Season One : Changeons de sujet. Pourquoi avez-vous changé le générique entre la saison un et les saisons deux et trois ?

AP : La raison est simple, on aimait pas le générique de la saison un. (rires !).

Season One : Pourtant c’était un hommage aux grand journalistes télé américains ?

AP : Oui c’était le cas, mais il n’était pas bien réalisé. Et surtout il paraissait très sentimental alors que nous voulions que le show ne le soit pas tant que ca. La série est censée être contemporaine et moderne. Nous avons également changé la musique, parce que le générique de la première saison faisait 90 secondes, et c’est trop long. On voulait au maximum 60 secondes. Du coup notre compositeur, Thomas Newmann, a réalisé une version raccourcie et plus rapide de son thème. 

Season One : En termes d’histoires quels sont les principaux changements entre les saisons un, deux et trois ?

AP : Il y a trois éléments. La saison un est la saison “des infos du jour”. On suit les personnages, leurs histoires, et à un moment une info arrive et c’est à ce moment là qu’une date arrive à l’écran. Le public se dit alors : “C’est donc cette histoire dont on va parler dans l’épisode de cette semaine”. C’est comme ca que vous saviez où vous en étiez dans le temps, et on a fait ça la plupart du temps sur la première saison. On l’a fait avec Fukushima, avec Osama Ben Laden. Et à la fin de la saison, on s’est dit que l’on avait assez joué avec, et que ça devenait prévisible. Donc en saison deux on s’est dit qu’il nous fallait une histoire qui se déroulerait tout le long de la saison, c’était une histoire fictionnelle, l’histoire de Genoa, mais basée sur une histoire vraie qui s’est passée sur CNN, dans laquelle la chaîne a perdu sa crédibilité. Et la saison trois, qui est la dernière, était autours du fait que la chaîne était vendue. C’était aussi une façon de revenir au début, et également nous voulions tuer un personnage. On ne savait pas qui, et toute les semaines on désignait un nouveau personnage. On se disait “on va tuer Mac” et puis finalement non, “on va tuer Will”, et non, “On va tuer Charlie”, et là “Oui, on va tuer Charlie”.

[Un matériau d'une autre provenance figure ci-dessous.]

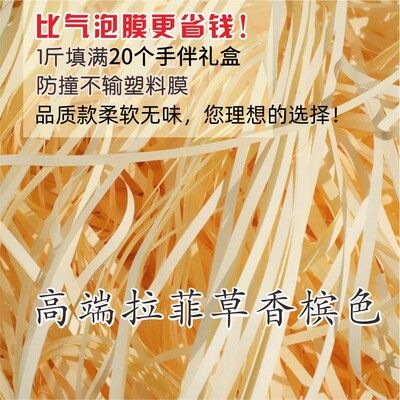 节日装扮水果礼物盒拉菲草装饰填充物礼品袋碎纸丝条礼盒装饰批发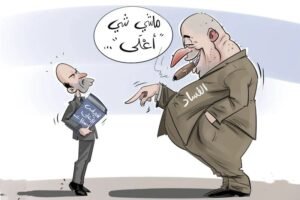 فساد منظومة العدالة في المغرب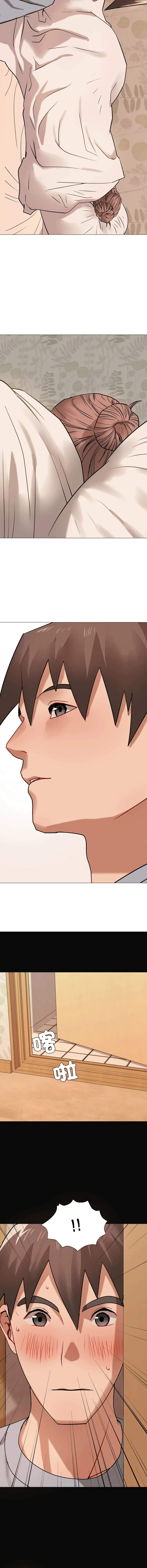 邪恶的善意 第20话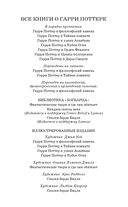 Гарри Поттер и узник Азкабана — фото, картинка — 1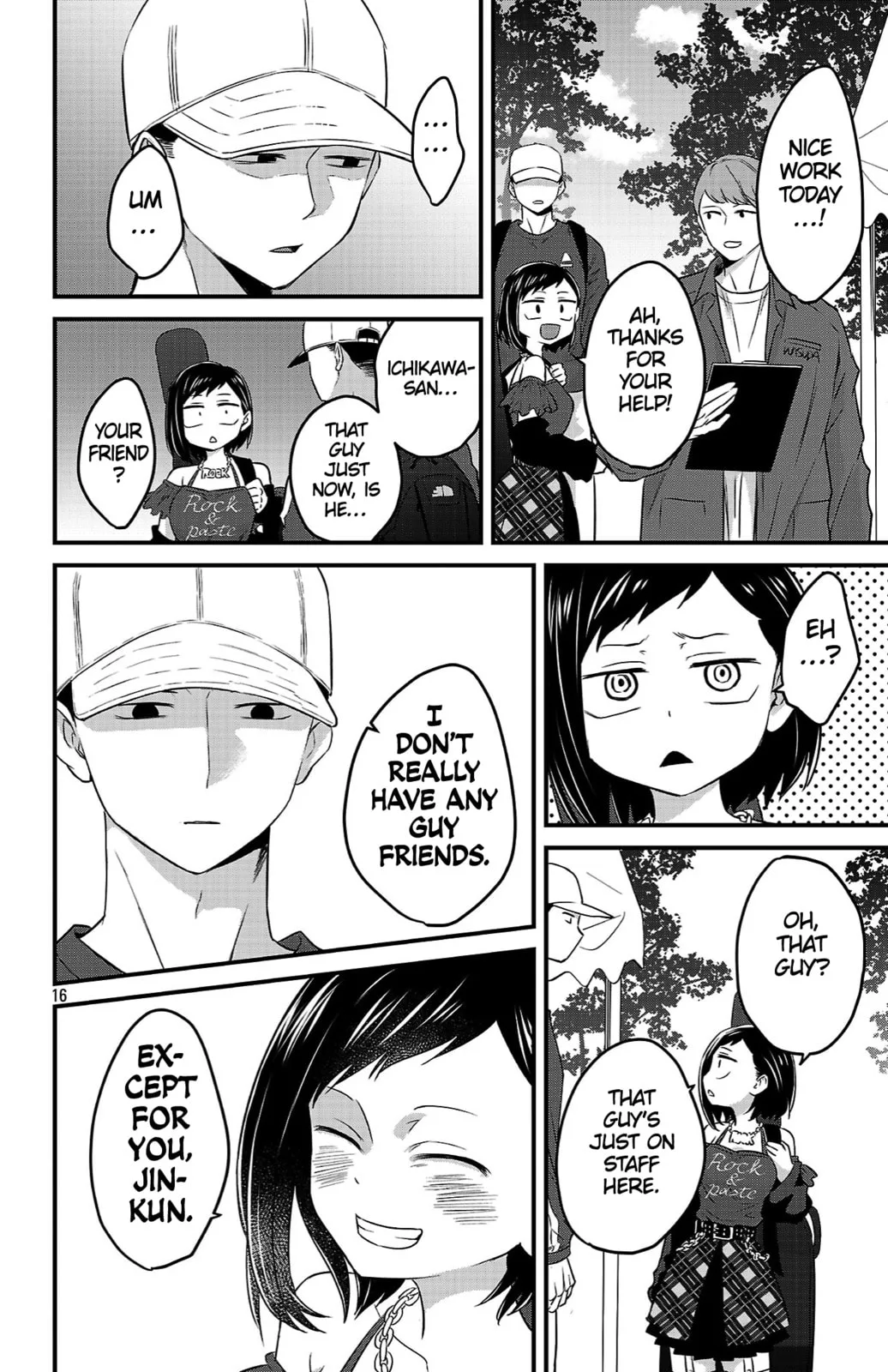 The Dangers in My Heart: The Romantic Comedy Won't Start - Chapter 16 - Page 16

Season One : Ca n’a pas été trop difficile de boucler la série en six épisodes ?

AP : C’était l’accord que nous avions avec Aaron Sorkin. Après la saison deux qui a été si difficile, il n’était pas certain de vouloir revenir pour la saison 3. HBO voulait désespérément le retour de la série, et surtout une conclusion digne de ce nom. Nous avons donc négocié avec Aaron (Sorkin), et nous lui avons proposé de ne faire que six épisodes, et d’avoir la possibilité de conclure cette histoire. C’était mon idée d’ailleurs. HBO a été d’accord, et voila.